Existe plano alimentar personalizado?


Algum tempo atrás seria difícil imaginar que nutrientes presentes nos alimentos poderiam modificar a atividade de um gene guardado a “sete chaves” no interior das nossas células. Quando poderíamos imaginar que uma “simples” gordura (ômega3), presente em alguns peixes, poderia alterar o “funcionamento” de mais de 1.000 genes do nosso organismo? Também seria difícil acreditar que um mesmo nutriente poderia elevar os níveis de colesterol HDL (bom colesterol) de uma pessoa, conferindo proteção cardiovascular, e ter um efeito contrário em outra, confirmando a hipótese de que o alimento que é saudável para um, pode não ser para o outro.

Genética Privilegiada é Sinônimo de Vida Saudável?   
O mapeamento completo dos genes obtido em 2003 na conclusão do Projeto Genoma Humano foi fundamental para a compreensão mais detalhada da interação gene-nutriente. Os mais recentes estudos em genômica nutricional possibilitam a investigação  de relevantes variáveis genéticas/ nutricionais, diretamente relacionadas ao controle do peso corporal, desempenho esportivo, intolerâncias alimentares,  necessidades nutricionais e pré-disposição a doenças. 

Embora tenhamos obtido o mapeamento do genoma humano, estamos diante de outro grande desafio: identificar, nas mais diversas populações, quais as variações (polimorfismos) genéticas e seu impacto na saúde de cada indivíduo. Os componentes de caráter multigênico e multifatorial da maioria das características observadas torna o quadro ainda mais complexo.
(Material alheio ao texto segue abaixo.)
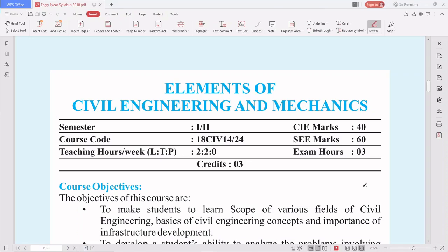Hello, my dear students. So till now you completed your PUC, and after PUC you have made up your mind to join the technical course, that is engineering. As an engineering faculty, my duty is to introduce my subject, the syllabus, and also to tell you the pattern of examination, which is important for any course.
Ainda que identificássemos todos os genes que condicionam uma determinada característica, teríamos que considerar a influência de diversos fatores ambientais, os quais interferem na expressão gênica.

O fato de ter um genótipo “favorável” não significa que tal característica venha a ser desenvolvida, o mesmo acontece com indivíduos que tem um genótipo “desfavorável”. Um indivíduo que tem pré-disposição genética à obesidade pode não desenvolver tal característica se controlar fatores ambientais como dieta e exercício. Da mesma maneira, um atleta com  genótipo favorável a uma determinada modalidade esportiva, pode não alcançar o sucesso na sua carreira devido a escolhas incorretas de caráter ambiental, como por exemplo, treinamento, dieta e descanso inadequados. 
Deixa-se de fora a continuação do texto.